Of the three forks that feed Lake Oroville, the Middle Fork of the Feather River is the only one undammed, so it remains wild and scenic. The river gradient varies from gentle at the upper end to very steep in the deep canyons of the lower reaches. The adjacent lands range from the most primitive imaginable to manicured golf courses and residential area. In the wild sections, huge boulders, cliffs and waterfalls are a part of the natural beauty of the area, but can make navigating the river and hiking difficult.
For kayakers and rafters up for one of the most challenging sections of whitewater anywhere, the Middle Fork of the Feather River serves up 32 miles of Class V rapids in a remote, pristine canyon.

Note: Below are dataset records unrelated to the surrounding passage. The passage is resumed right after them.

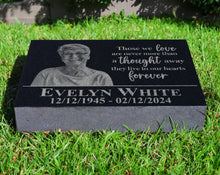 Large Customized Picture Tribute Stone - Because Someone We love is in Heaven | Words of Condolences Message Quotes Loss of Loved One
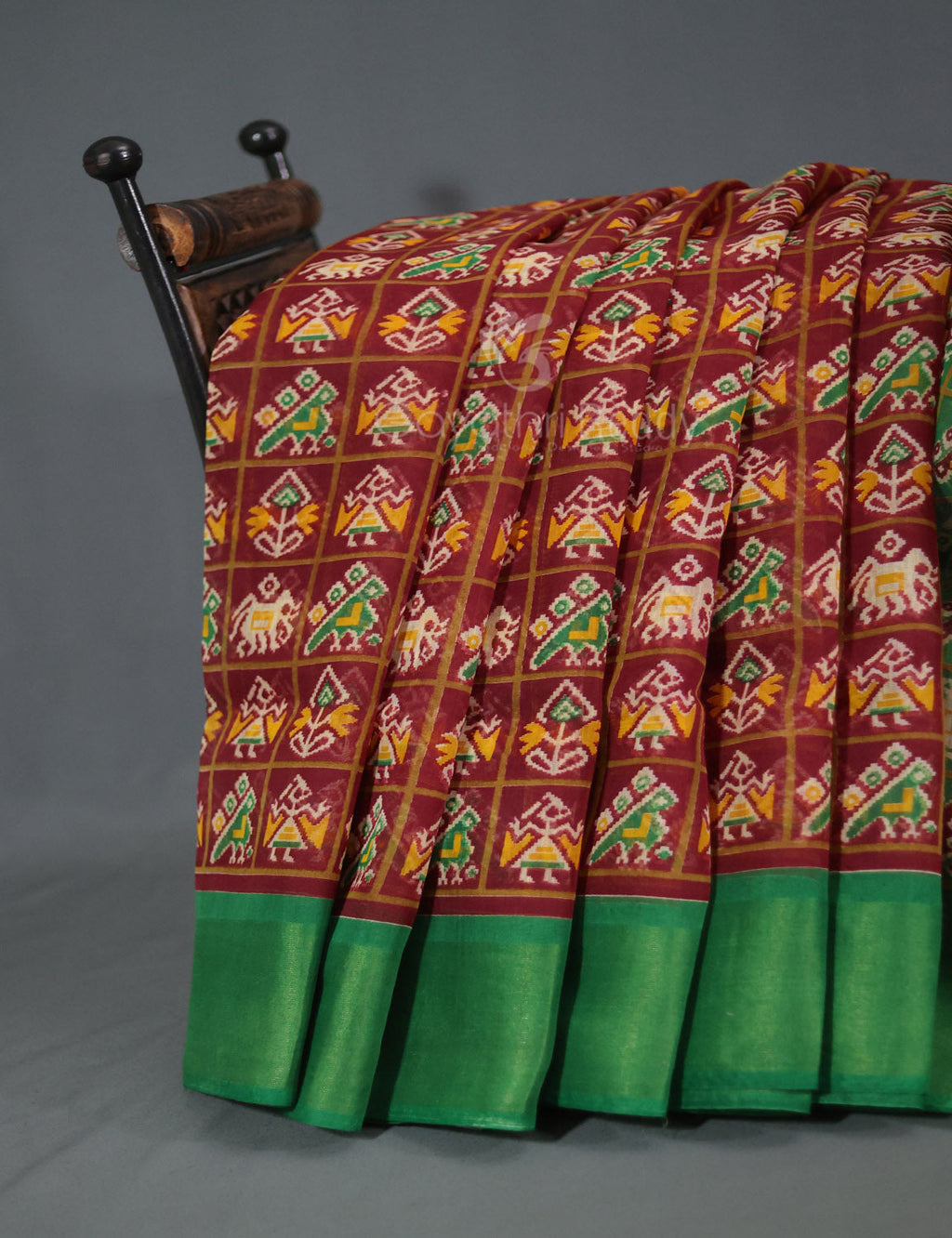 Shades of Maroon And Parrot Green Blouse Patola Print Semi Chanderi Saree By Gayathri Reddy Designer Studio | Grocsy
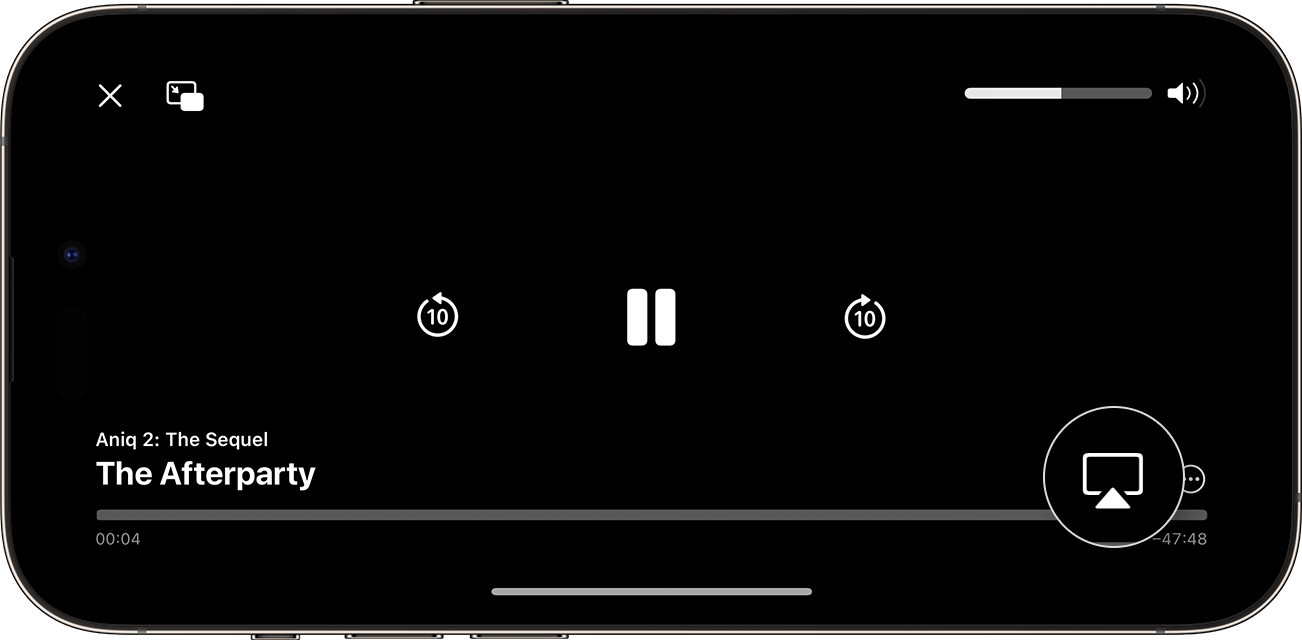 Die AirPlay-Taste wird während der Videowiedergabe in der unteren rechten Bildschirmecke auf dem iPhone hervorgehoben.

The river was designated as one of the original eight wild and scenic rivers by Congress, and is known throughout the West as one of the premiere whitewater descents in the state. Experienced whitewater kayakers take 3 to 4 days for the self-supported trip.

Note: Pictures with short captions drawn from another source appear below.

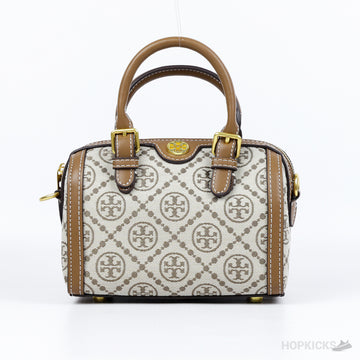 Tory Burch T Monogram Barrel Bag (Dot Perfect)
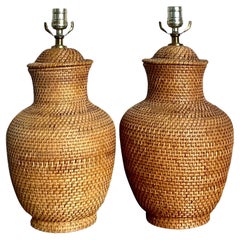 Vintage Boho Woven Rattan Lamps - A Pair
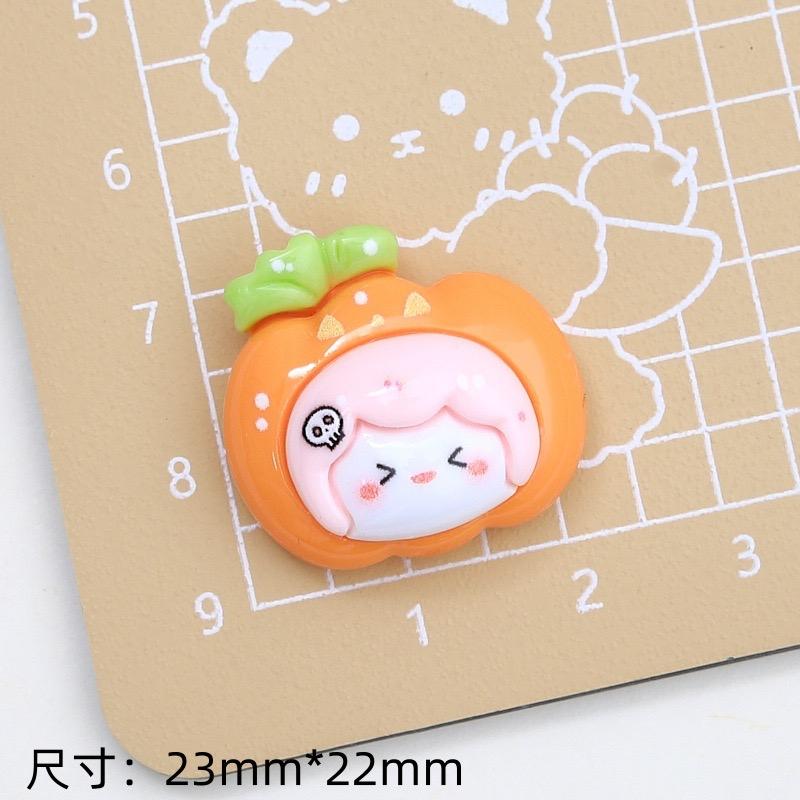 10Pcs New Cute Halloween Pumpkin Ghost Cat Series Flat Back Resin Cabochons Scrapbooking DIY Jewelry Craft Decoration Accessorie
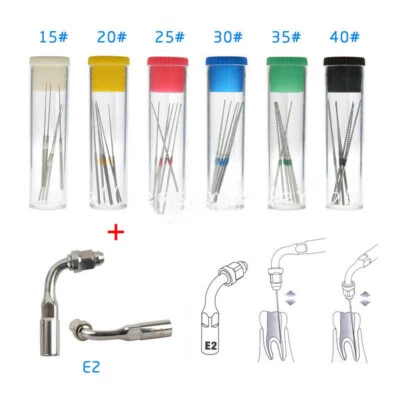 6 Pcs/Box Dental Root Canal Cleaning NITI U-FILE Endo Tip E1 E2 Fit EMS/SCALER - Image 1 of 2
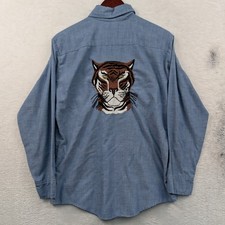 VTG Big Mac Shirt Men's M Blue Tiger Embroidery Workwear Chambray JCPenney 70s picture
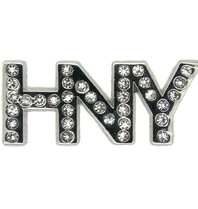 Godert.me Happy New Year rhinestone pin zilver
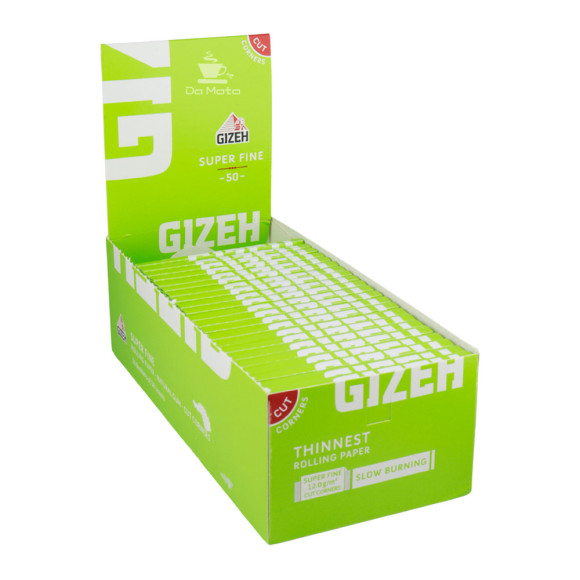 Caixa de Seda Gizeh Super Fine Cut Corners Single Wide de lado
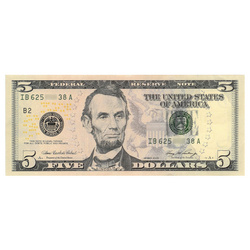 5 dolláros amerikai bankjegy (5 amerikai dollár / 5 USD) UNC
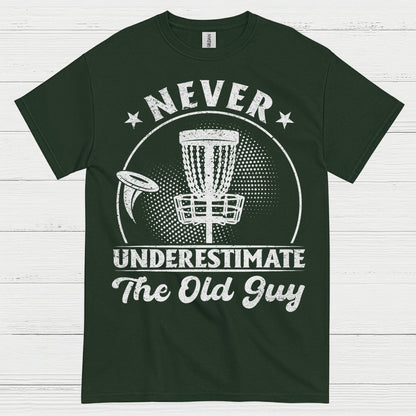 Never Underestimate The Old Guy Disc Golf T Shirt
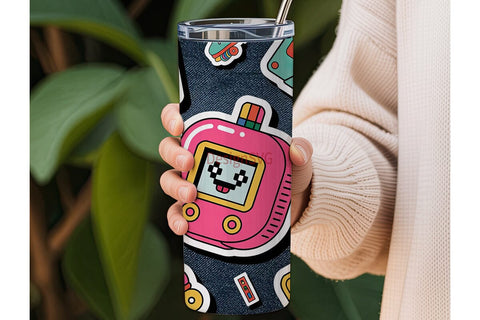 90s Retro Sticker Tumbler Wrap Sublimation DesignSVG 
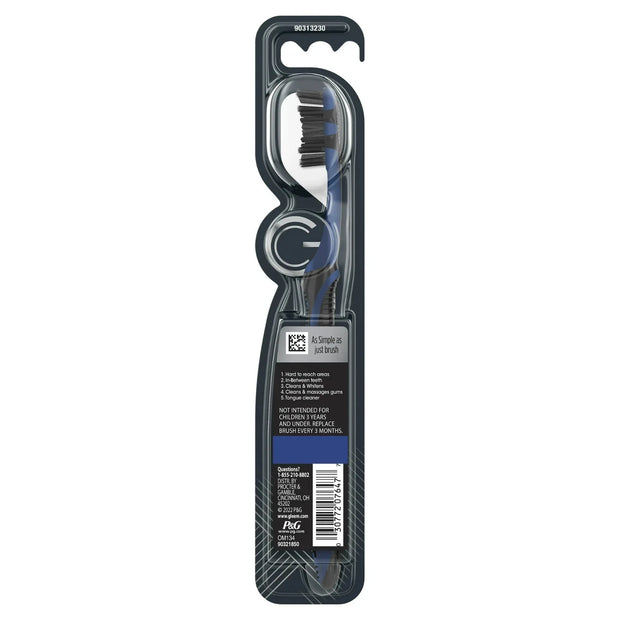 3 Gleem Toothbrushes 5 Cleaning Actions Soft Double The Brush Black 3 pack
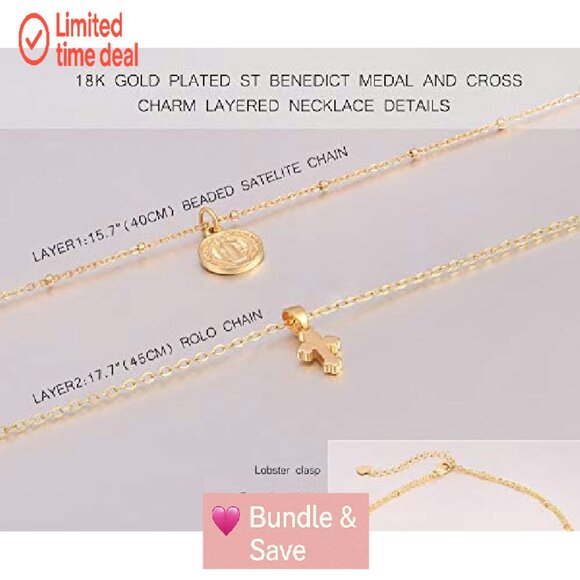 18k Gold Layered Choker Necklace with Lock Key Pendant Double Chain - Picture 4 of 8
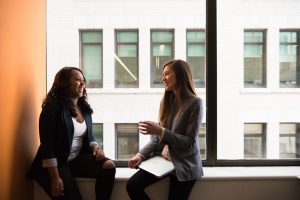 Two women talking about how to find affordable storage in Brooklyn.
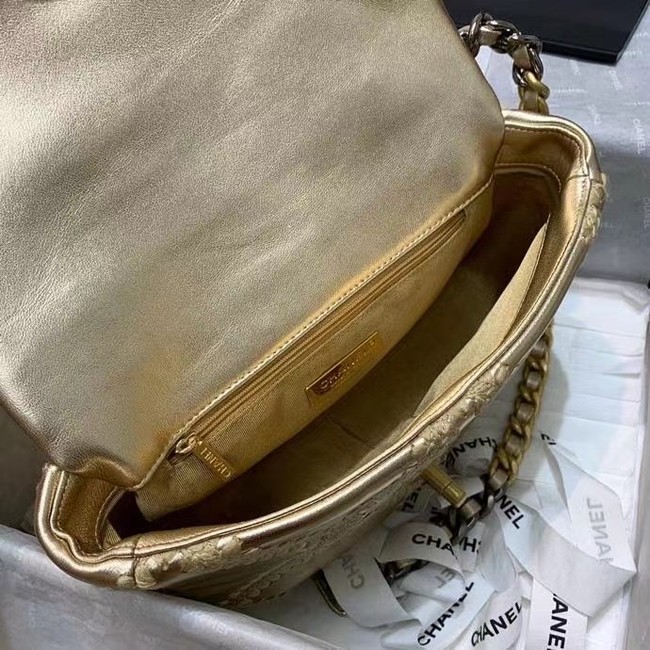 chanel 19 flap bag AS1160 gold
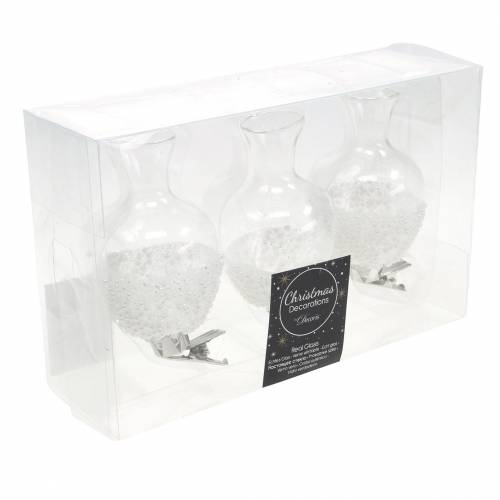 Floristik24 Glasvas med klämma glitter och pärlor Ø4,9cm H9,5cm klar 3st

Those looking for fishing spots will enjoy access to both warm- and cold-water fish. The Middle Fork is full of riffles, runs, and holes that receive very little pressure throughout the season. The wild and stocked brown and rainbow trout are known to be hard-fighting fish, so come prepared for a fight.
The Middle Fork's History
The Middle Fork of the Feather River was one of eight “charter” rivers designated with the passage of the Wild & Scenic Rivers Act in 1968. Of the 77.6 miles of the Middle Fork of the Feather River designated as Wild & Scenic, 32.9 miles are wild (generally inaccessible except by trail), 9.7 miles are scenic (accessible in places by roads but largely undeveloped), and 35 miles are recreational (readily accessible by road/railroad with some development along the shore).